□フォンハイ 人間のウィザード LV5
炎のように赤いローブをまとった魔道師。
禁断の知識を求め、ついにラッパンアスクの深淵に足を踏み入れる。
PLは山羊さん
気違いを見る目の情報司祭に案内された部屋には二人の男が居た。
一人はヴェルナ諜報局の誇るダンジョンエクスプローラーたるラシード。
鋭い目のローグは憮然とした顔で壁に持たれかかり、腕を組んでいる。
そして、真紅のローブに身を包み、些かお行儀悪く椅子に腰掛けて分厚い書物のページを弄ぶ様にめくる男。

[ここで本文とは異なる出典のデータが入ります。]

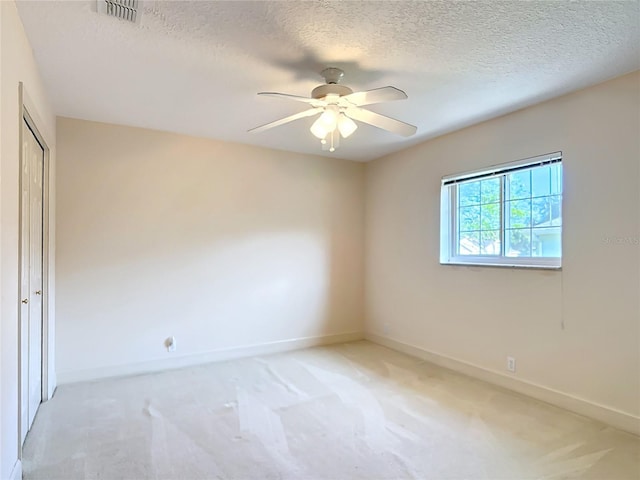 16 Ryewood Cir, Homosassa, FL 34446 - spare room featuring ceiling fan, light carpet, baseboards, and a textured ceiling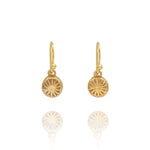 Handmade recycled gold round poppy seed head drop earrings by Iris and Lolli on white background, botanical inspired and crafted in the UK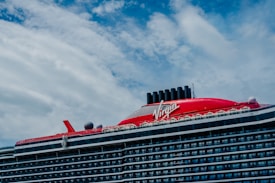 A large cruise ship with a prominent red section on the upper deck and black exhaust funnels. The ship has multiple decks and features the brand name 'Virgin' prominently on the red section. The sky is partly cloudy with patches of blue visible.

ギリオン達が入室したというのに視線を上げようともしない。
「ギリオン、こいつはやめたほうがいいぜ。胸糞悪い」
堪えかねたようにラシードが吐き捨てる。
「こいつに関わったばっかりに何人も破滅してる。知識を求めるあまり大法規を犯して悪魔と接触してるって噂もある」
「なるほど、貴方がギリオン。身の程知らずにも魔宮に挑んで命を落とした愚か者達のもう一人の生き残りですか」
いつの間にか魔道師は書物から視線を上げていた。
些かも怯む事無く、その目は真っ直ぐにギリオンの瞳を覗き込む。
「で、緑の門番の噂は本当でしたか?その爪は、牙は、伝説に在るとおりに愚か者達を引き裂きましたか?」
「彼等が翠石で出来た人造であるというのは本当ですか?それともある種の地衣類を体表にまとっているだけでしたか?」
「あのダンジョン周辺の瘴気の濃度も気になります。死んだ連中の遺体はすぐに腐りましたか?それともアンデッド化しましたか?気になりますね!ヒヒヒ」
ラシードの手が閃いたかと思うと、その手には刃を黒く塗った短剣が現れた。
物も言わずにそれを突き出そうとするラシードをギリオンが止める。
「放せ!ギリオン!こいつの邪な舌を切り取ってやる!」
その腕を振り解こうとしたラシードは、ギリオンの愕然とした表情を見て動きを止めた。
「よすんだ、ラシード…彼は邪悪な存在ではない…」
センスイービルに反応はなし。この見るからに不吉な男の属性は真なる中立であった。
「邪悪?残念ながら私は善人ではありませんが悪人でもないつもりですよ。善悪の二元論だけでは灰色の領域に存在する根源の真理には触れることは出来ません」
あくまでクールに自らの属性を語る魔道師を見ながらDM、PL一同共に「うわあ…悪っぽい…」って呟いたが、PLの山羊さんが
マハーバラの善人ロールから解放され、アライメントの縛りがなくなって生き生きと楽しそうだったので優しい目になって「よかったですねえ…」って言いました。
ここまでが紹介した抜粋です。